Viewing a single comment thread. View all comments

mindfu t1_jb10ad9 wrote

>Even this statement can be understood in multitude of different ways.

It's true that you can find ways to misunderstand it if you're looking to. That's separate from these kinds of statements having more than enough common understanding for this sort of social study.

If you were requiring this same level of resistance to alternate interpretation for all other well-known and generally agreed-upon terms in politics, pretty much no social study would be possible.

I think we've both laid our positions out pretty well, and know where each other stand. It doesn't seem like we're going to change each other's mind soon, so cheers and best.

1

SnooPuppers1978 t1_jb1vsy3 wrote

I do see issues with most social studies to be fair, and it often would feel like there must have been baked in bias affecting those.

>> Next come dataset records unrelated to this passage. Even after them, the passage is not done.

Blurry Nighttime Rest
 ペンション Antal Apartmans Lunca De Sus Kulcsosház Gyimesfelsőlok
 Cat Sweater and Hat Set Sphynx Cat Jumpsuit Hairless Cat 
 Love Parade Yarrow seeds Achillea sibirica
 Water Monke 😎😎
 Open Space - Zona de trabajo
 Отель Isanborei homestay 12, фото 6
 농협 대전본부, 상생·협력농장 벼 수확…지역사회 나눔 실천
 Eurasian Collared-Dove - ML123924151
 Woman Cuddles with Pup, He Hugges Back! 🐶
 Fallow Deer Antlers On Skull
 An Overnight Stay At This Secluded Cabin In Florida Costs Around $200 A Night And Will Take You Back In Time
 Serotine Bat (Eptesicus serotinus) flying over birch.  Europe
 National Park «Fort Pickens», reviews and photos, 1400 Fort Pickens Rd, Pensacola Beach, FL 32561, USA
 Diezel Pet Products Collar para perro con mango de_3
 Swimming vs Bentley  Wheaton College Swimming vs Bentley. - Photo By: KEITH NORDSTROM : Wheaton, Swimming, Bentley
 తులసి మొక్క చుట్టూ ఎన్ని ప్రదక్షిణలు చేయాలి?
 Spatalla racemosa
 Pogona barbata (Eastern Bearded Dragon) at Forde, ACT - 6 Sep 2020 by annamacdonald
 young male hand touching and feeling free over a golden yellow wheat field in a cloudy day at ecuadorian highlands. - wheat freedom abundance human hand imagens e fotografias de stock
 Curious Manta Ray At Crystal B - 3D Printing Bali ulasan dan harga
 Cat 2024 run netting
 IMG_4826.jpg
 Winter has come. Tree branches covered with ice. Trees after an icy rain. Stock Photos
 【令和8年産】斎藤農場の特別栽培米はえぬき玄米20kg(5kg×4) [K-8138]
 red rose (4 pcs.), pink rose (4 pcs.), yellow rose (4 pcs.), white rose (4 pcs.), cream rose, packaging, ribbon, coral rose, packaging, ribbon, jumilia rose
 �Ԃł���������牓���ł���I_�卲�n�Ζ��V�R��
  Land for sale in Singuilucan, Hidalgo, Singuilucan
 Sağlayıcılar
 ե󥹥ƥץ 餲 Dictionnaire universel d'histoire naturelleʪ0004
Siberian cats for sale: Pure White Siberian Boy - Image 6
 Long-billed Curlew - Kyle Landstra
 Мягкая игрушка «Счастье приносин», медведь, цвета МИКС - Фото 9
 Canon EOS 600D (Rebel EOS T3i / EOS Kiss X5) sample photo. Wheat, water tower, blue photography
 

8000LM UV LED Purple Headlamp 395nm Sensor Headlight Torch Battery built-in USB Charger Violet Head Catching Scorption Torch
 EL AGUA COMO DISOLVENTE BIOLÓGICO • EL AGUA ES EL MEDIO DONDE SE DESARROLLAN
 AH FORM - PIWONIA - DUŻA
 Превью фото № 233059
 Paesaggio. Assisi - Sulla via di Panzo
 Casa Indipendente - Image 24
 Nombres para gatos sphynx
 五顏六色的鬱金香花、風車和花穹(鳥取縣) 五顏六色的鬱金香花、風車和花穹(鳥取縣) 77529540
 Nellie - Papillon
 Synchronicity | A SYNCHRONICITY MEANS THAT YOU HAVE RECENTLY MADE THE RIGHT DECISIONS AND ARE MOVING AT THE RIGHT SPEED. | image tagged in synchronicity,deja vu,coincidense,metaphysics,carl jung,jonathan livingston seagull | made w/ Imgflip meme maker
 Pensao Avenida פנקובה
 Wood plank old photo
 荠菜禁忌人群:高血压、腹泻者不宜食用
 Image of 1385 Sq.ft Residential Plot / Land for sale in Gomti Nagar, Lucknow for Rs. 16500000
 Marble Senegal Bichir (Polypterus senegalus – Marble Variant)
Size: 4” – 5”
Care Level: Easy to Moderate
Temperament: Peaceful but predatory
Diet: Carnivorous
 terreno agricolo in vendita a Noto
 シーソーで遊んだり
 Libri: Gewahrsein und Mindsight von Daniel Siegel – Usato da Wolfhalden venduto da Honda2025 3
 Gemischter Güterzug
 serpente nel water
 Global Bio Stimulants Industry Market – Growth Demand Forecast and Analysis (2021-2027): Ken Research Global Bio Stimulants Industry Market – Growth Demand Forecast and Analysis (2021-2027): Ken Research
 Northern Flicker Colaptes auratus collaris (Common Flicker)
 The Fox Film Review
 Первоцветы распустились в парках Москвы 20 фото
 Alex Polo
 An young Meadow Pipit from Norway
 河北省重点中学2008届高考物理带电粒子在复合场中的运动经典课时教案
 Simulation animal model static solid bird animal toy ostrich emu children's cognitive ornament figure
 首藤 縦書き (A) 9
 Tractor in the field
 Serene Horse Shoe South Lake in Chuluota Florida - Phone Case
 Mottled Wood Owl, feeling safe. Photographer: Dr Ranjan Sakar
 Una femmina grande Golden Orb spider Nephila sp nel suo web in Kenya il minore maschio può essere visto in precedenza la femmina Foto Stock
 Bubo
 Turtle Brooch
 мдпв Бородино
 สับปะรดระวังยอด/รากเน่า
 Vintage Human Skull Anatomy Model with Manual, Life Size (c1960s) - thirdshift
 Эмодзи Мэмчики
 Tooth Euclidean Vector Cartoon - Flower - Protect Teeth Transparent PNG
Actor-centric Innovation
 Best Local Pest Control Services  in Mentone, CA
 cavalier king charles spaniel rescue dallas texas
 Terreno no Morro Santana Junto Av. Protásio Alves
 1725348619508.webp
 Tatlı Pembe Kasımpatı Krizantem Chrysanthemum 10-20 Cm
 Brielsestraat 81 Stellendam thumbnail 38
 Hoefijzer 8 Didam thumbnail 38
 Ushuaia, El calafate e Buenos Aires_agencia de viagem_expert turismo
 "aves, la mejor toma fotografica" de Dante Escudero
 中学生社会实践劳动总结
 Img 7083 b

Even with more concrete sciences there is a lot of possibility for cherry picking, and many other flaws stemming from biases. You could keep pre emptively checking for potential datasets that might be most likely to agree with your bias.

But again I personally, intuitively, based on what I have seen, would also guess that right side does a lot more misinformation, but then there is also a question of how much more and how much of that is coming due to bias from the study authors.

Because there is a certain point of interpretation where you draw the line and this could affect the results a lot. Where is the line drawn for any topics from either side to give benefit of the doubt.

And politics being such a subject worst in terms of biases.

I would like to see concrete random sample of how they classified the content, that would be interesting, but seems behind a paywall.